## Records for the exercise

————————

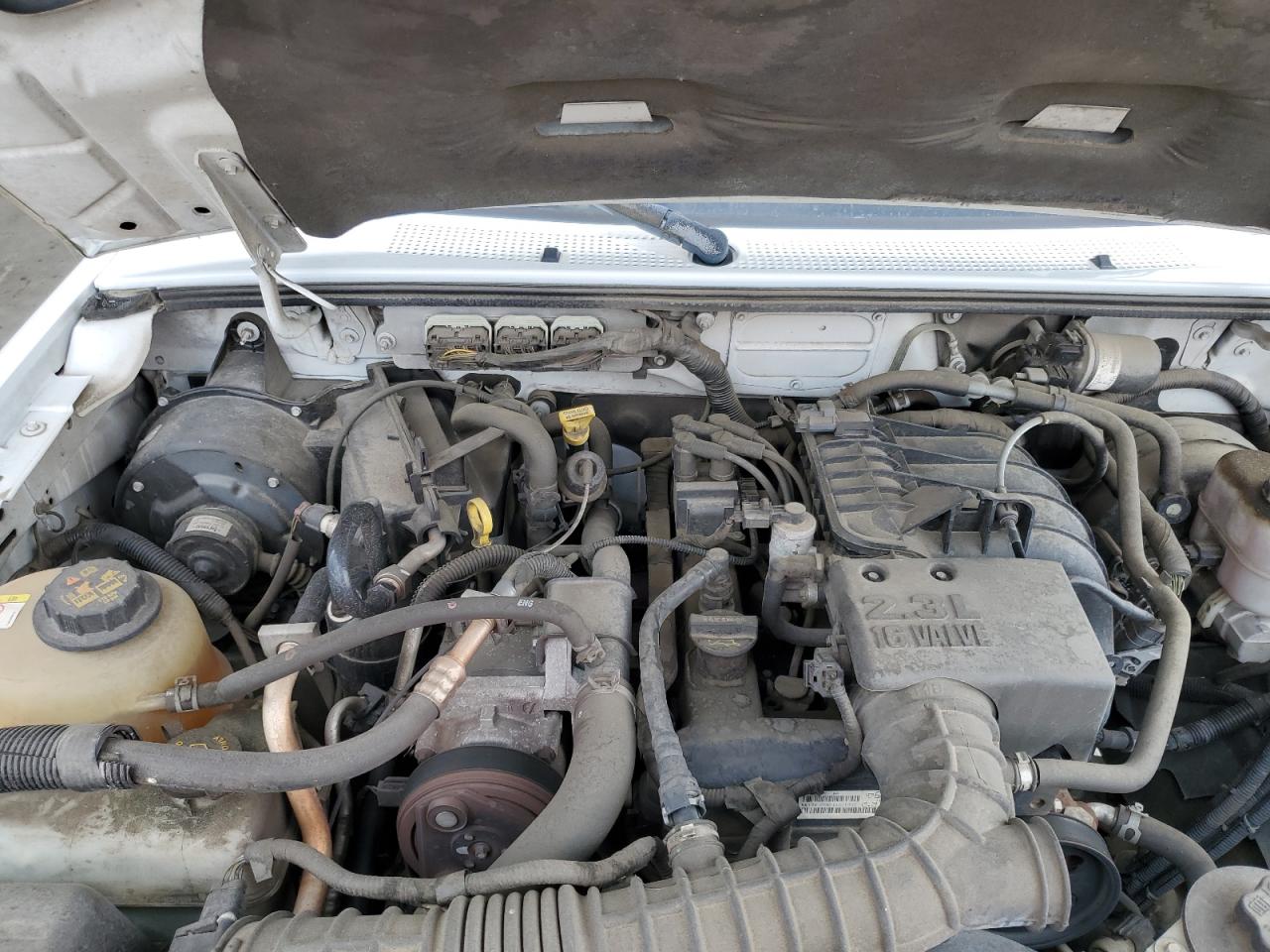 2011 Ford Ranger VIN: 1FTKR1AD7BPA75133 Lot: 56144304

————————

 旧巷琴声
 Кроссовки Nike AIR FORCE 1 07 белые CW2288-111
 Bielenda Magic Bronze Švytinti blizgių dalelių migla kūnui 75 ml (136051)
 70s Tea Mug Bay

————————

## Exercise
Only one stretch of the entries above is wanted: the lines from the one containing "Bielenda Magic Bronze" through the one containing "70s Tea Mug Bay". Please reproduce it exactly.

## Solution for this exercise
 Bielenda Magic Bronze Švytinti blizgių dalelių migla kūnui 75 ml (136051)
 70s Tea Mug Bay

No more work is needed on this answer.